Me extendió un largo estuche negro y lo tomé sin dudar.
Lo abrí y sonreí ante la hermosa hilera de gemas rosas.
Se vería genial en el espejo del nuevo auto de Irene.
Le iba a encantar esto.
Miré el reloj y vi que ya se estaba haciendo tarde.
Estaba en casa más temprano de lo usual; incluso Adam notó mi presencia, pero no se atrevería a preguntarme sobre ello ya que le ordené que no hablara en mi presencia hasta que yo indicara lo contrario.
Irene probablemente estaría fuera con Ethan a esta hora y Matt seguramente estaría terminando su sesión de tutoría.
—¿Necesitabas algo más antes de que me vaya a casa?
—preguntó Taylor, mirando su reloj de pulsera.
—No, que tengas buena noche —le dije a mi amigo de toda la vida y Beta.
Taylor sonrió mientras se dirigía hacia la puerta.
—Sí, tú también —dijo, con un tono sugestivo.
Puse los ojos en blanco y lo observé mientras abandonaba la villa.
Sacudiendo la cabeza, me dirigí hacia la escalera y subí los escalones de dos en dos.
No tenía sentido esperar a que Irene apareciera porque si estaba con Ethan, probablemente no regresaría esta noche.
Ha estado pasando la mayoría de sus noches en la casa de Ethan; a veces él se queda a dormir aquí y yo finjo que no lo sé.

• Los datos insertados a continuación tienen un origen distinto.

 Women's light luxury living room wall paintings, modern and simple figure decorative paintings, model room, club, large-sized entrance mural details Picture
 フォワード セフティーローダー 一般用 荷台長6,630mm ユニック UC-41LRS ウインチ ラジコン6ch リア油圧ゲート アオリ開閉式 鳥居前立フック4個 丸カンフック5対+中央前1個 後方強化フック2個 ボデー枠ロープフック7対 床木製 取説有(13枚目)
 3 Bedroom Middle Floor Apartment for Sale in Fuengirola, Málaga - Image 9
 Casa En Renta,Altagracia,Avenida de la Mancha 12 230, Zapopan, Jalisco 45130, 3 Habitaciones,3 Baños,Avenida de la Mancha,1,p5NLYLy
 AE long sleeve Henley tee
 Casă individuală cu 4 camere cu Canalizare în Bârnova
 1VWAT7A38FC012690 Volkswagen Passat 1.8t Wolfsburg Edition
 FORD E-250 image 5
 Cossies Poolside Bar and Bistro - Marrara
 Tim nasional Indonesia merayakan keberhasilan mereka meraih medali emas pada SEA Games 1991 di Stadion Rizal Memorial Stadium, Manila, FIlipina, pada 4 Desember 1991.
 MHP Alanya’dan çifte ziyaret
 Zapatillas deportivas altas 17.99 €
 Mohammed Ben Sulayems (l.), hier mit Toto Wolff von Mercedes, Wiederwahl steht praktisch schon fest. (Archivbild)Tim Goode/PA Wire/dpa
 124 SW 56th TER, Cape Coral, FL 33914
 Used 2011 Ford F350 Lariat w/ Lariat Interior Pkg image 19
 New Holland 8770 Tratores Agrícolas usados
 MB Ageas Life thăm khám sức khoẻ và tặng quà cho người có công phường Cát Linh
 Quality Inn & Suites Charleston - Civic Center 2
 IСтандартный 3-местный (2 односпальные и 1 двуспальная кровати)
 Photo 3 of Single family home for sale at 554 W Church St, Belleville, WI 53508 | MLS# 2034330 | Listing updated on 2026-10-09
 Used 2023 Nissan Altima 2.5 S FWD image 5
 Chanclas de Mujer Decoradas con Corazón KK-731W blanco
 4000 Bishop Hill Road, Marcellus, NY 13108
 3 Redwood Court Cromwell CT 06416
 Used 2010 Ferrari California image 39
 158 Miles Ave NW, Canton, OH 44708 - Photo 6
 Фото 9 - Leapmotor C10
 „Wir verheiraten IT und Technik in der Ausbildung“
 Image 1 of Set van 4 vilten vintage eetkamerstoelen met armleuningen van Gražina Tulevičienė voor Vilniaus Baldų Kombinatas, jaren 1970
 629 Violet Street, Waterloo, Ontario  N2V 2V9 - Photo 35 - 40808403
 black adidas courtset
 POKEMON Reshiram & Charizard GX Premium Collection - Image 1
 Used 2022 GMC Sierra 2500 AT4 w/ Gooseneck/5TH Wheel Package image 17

Caminé hacia su habitación y tomé el pomo de la puerta; dejaré este regalo en su almohada para cuando regrese.
Ella quería algo especial para su nuevo auto y le conseguí lo perfecto.
No podía esperar a que viera este regalo, pero por ahora, tendría que ser un poco paciente.
Empujé la puerta y fue entonces cuando el fuerte aroma a lavanda y vainilla golpeó mis sentidos.
Me quedé completamente paralizado cuando mis ojos encontraron a una muy sorprendida Judy mirándome.
Luego, mi mirada bajó, y fui recibido con dos conjuntos muy voluptuosos de pechos que hicieron que mi lobo inmediatamente gruñera con necesidad.
Su jadeo y grito no me habían sacado de mi trance todavía, pero cuando usó una camiseta para cubrir su cuerpo, parpadee varias veces y levanté la mirada para encontrarme con la suya.
—¿Qué demonios estás haciendo en la habitación de mi hija?
—le pregunté, mi voz sonando más dura de lo que pretendía.
No se suponía que ella estuviera en el segundo piso donde estaban nuestras habitaciones y baños personales.
Esa era una de las reglas que establecimos cuando comenzó a trabajar como tutora de Matt.
—¿Siempre entras a la habitación de tu hija sin llamar?
—contraatacó, su voz sin titubear.
Mis ojos se oscurecieron mientras la fulminaba con la mirada y justo cuando estaba a punto de responder, Irene asomó la cabeza por detrás de mí y me miró con el ceño fruncido.
—¿Papá?
—preguntó—.
¿Por qué estás en casa tan temprano?
La miré fijamente; con los ojos entrecerrados.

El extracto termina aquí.